Epiphanie went on to establish Buf Coffee, and decided to build a washing station, with the help of the PEARL programme and a loan from the Rwandan Development Bank. ‘I came up with the idea to build this,’ she says, ‘and nothing was going to stop me’. She established Remera Washing Station in 2003 and Nyarusiza in 2005, and was the first woman in Rwanda to hold a privately owned company and produce specialty coffee. Her aim with the washing stations was to improve the quality of coffee by shifting the focus from producing commercial coffee to producing high quality specialty coffee. In doing so, she aimed to add value to her processed coffee in order to secure higher and more stable prices for coffee farmers in the region. As a result, she not only improved the livelihood of her family, but also improved those of her neighbour farmers and wider community, directly by increasing their income (through higher prices paid for their cherry) and, indirectly, by bringing important services like safe water and electricity to their villages via the establishment of washing stations.

 

Today Buf Coffee buys coffee cherries from as many as 7,000 smallholder farmers, including five different local cooperatives. Buf has very strong links with the local communities that supply it, providing jobs for hundreds of locals during peak harvest (May–June/July) and ten permanent positions year-round.

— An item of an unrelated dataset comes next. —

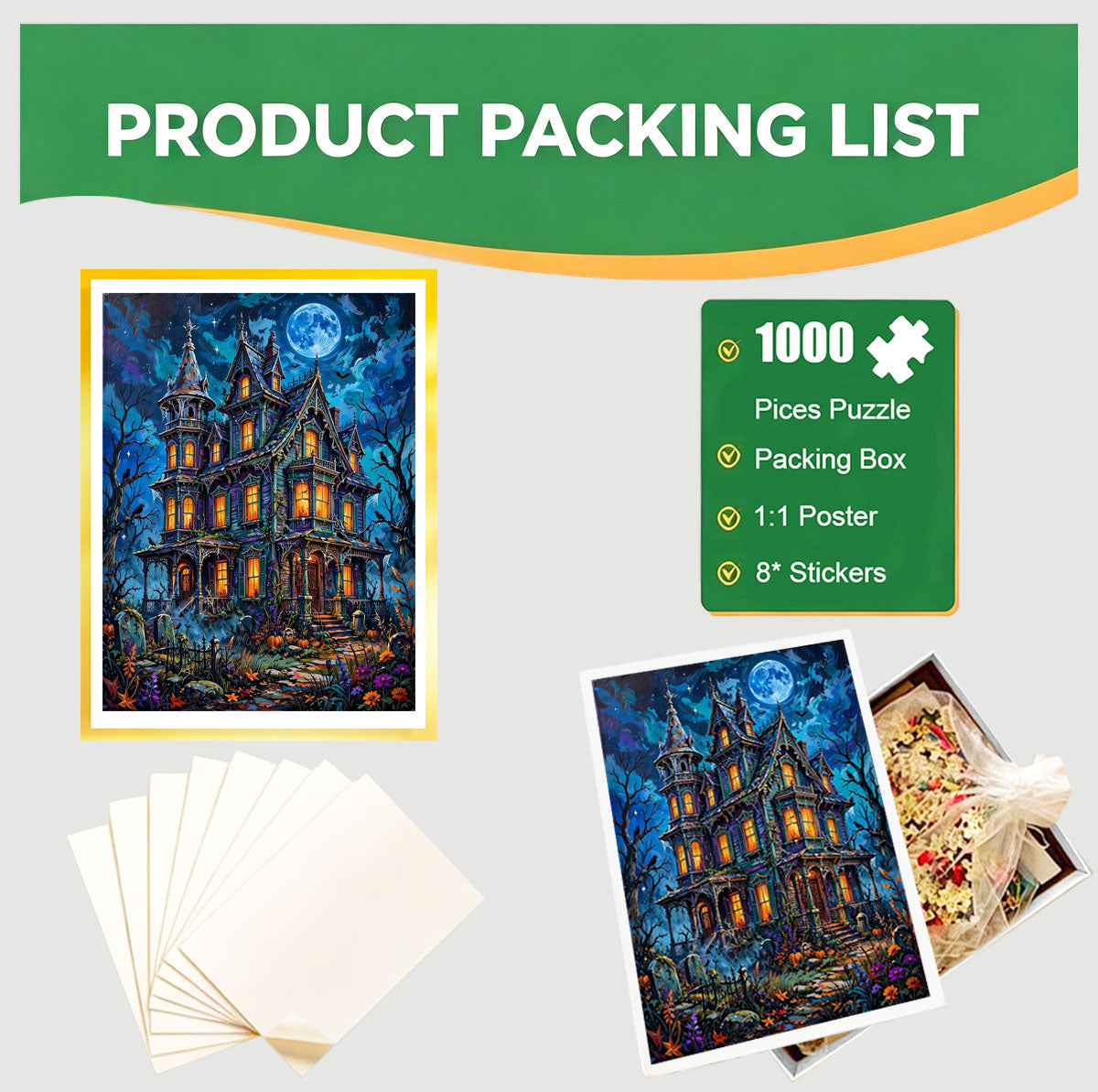 1000-Piece Premium Wooden Jigsaw Puzzle for Adults – Haunted Mansion Under the Moon | Artisan Crafted, Whimsical Shapes & Unique Designs, Best Relaxation Gift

The majority of the small farmers that supply Buf Coffee in the area have an average of only 300 coffee trees each (less than a quarter of a hectare), and also use their land to cultivate crops like maize and beans to feed themselves and their families. Most of their income from the sale of coffee is used to send their children to school, pay for medical care, and for investment in livestock such as purchasing a cow for milk, which is then used at home and for sale locally.

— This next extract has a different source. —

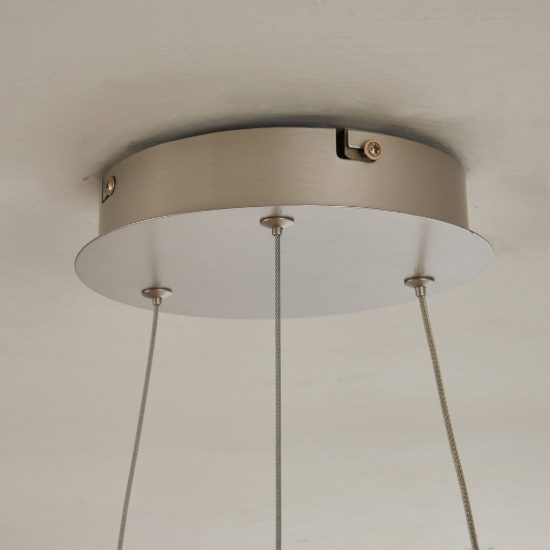 Lampadario a sospensione led 28w cct 2700k 5000k dimmerabile per salotto argento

Buf Coffee’s exceptional quality has been recognised year after year. It was awarded a prize in the 2007 Golden Cup; and placed in the Cup of Excellence in 2008, 2010, 2011, 2013, and 2014.

HOW COFFEE IS PROCESSED AT REMERA WASHING STATION

  • The ripe cherries are picked by hand and then delivered to the washing station—on foot, by bike, and by trucks that pick up cherries from various pick-up points in the area.
  • Before being pulped, the cherries are deposited into flotation tanks, where a net is used to skim off the floaters (less dense, lower grade cherries). The heavier cherries are then pulped the same day using a mechanical pulper that divides the beans into three grades by weight.
  • The beans (in parchment) are then dry-fermented (in a tank with no added water) overnight for 8–12 hours. They are then sorted again using grading channels; water is sent through the channels and the lighter (i.e. lower grade) beans are washed to the bottom, while the heavier cherries remain at the top of the channel.
  • The wet parchment is then soaked in water for around 24 hours, before being moved to pre-drying beds where they are intensively sorted for around six hours. This step is always done whilst the beans are still damp because the green (unripe) beans are easier to see. It is also always done in the shade to protect the beans from direct sunlight (which they have found helps to keep the parchment intact and therefore protects the bean better).
  • The sorted beans are finally moved onto African drying beds in the direct sun to dry slowly over 10–20 days. During this time the coffee is sorted carefully for defects, and turned regularly to ensure the coffee dried evenly. It is also covered in the middle of the day when the sun is at its hottest.
  • Once at 11–12% humidity, the coffee (still in its parchment) is stored in the washing station’s warehouse, in carefully labelled lots, until it is ready for export. The coffee is then sent to Rwanda’s capital, Kigali, to be dry-milled. Here the parchment is removed, and the beans are sorted again by hand and using machinery to remove any physical defects and loaded into a sealed shipping container, driven to port, and shipped to us!

We have been working with Buf Coffee since 2009, and we feel privileged to work with such a dynamic, passionate, and committed family in Rwanda. We hope you enjoy this beautiful coffee.